## [TASK]
In the listing below, find the line with "бороться с ним." and the line with "L'Euro : comment", then return them and every line between them exactly, minus the pictures.

====================

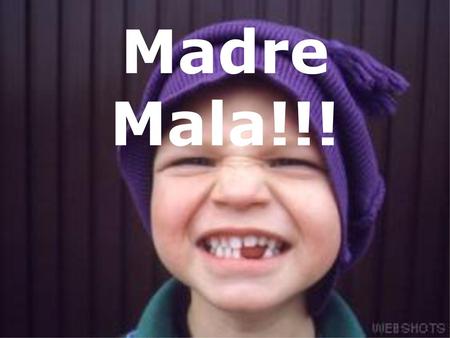 Madre Mala!!!.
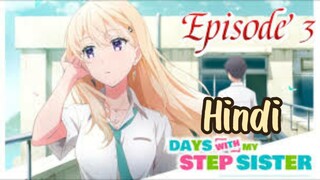 Day with my stepsister sisson 1 Episode 3 in Hindi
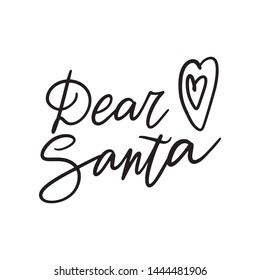 Hand drawn lettering quote template - Dear Santa - with illustrations around. Unique vector script saying poster. Custom 
typography print for t shirts,bags,posters,merch,banners.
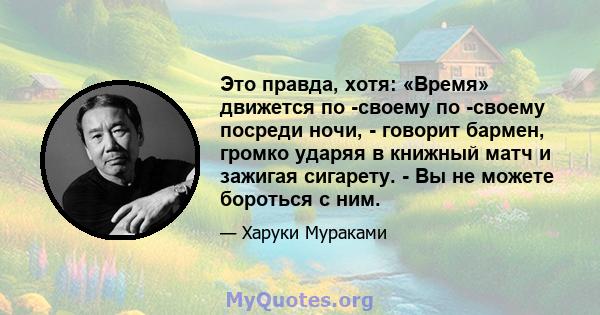 Это правда, хотя: «Время» движется по -своему по -своему посреди ночи, - говорит бармен, громко ударяя в книжный матч и зажигая сигарету. - Вы не можете бороться с ним.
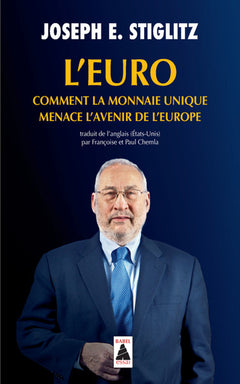 L'Euro : comment la monnaie unique menace l'avenir de l'Europe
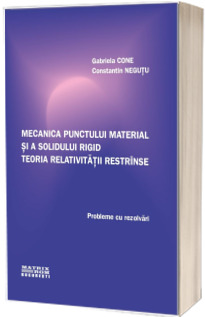Mecanica punctului material si a solidului rigid Mecanica punctului material si a solidului rigid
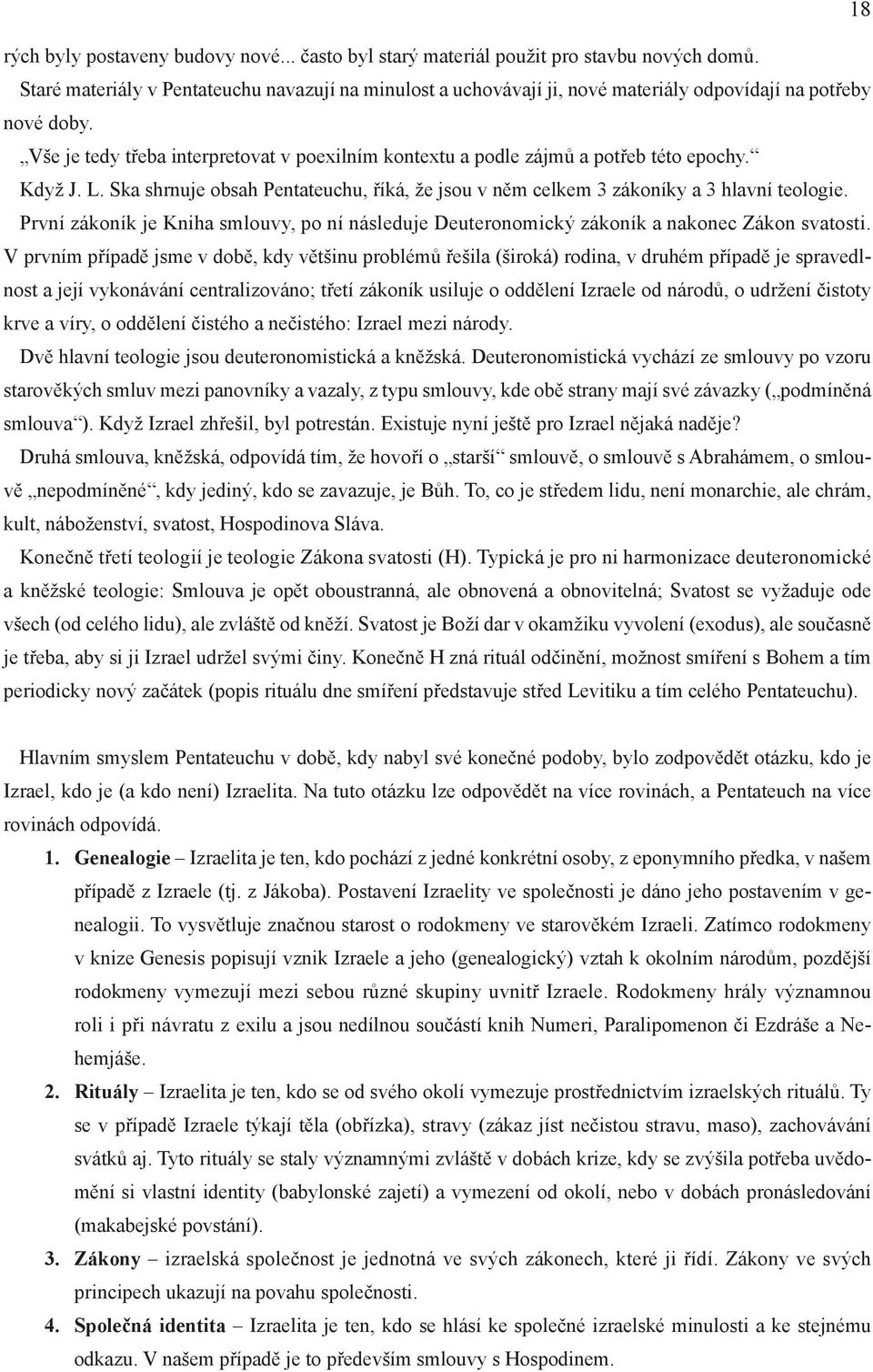 Vše je tedy třeba interpretovat v poexilním kontextu a podle zájmů a potřeb této epochy. Když J. L. Ska shrnuje obsah Pentateuchu, říká, že jsou v něm celkem 3 zákoníky a 3 hlavní teologie.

====================

## [PROBLEM SOLUTION]
 Это правда, хотя: «Время» движется по -своему по -своему посреди ночи, - говорит бармен, громко ударяя в книжный матч и зажигая сигарету. - Вы не можете бороться с ним.
 L'Euro : comment la monnaie unique menace l'avenir de l'Europe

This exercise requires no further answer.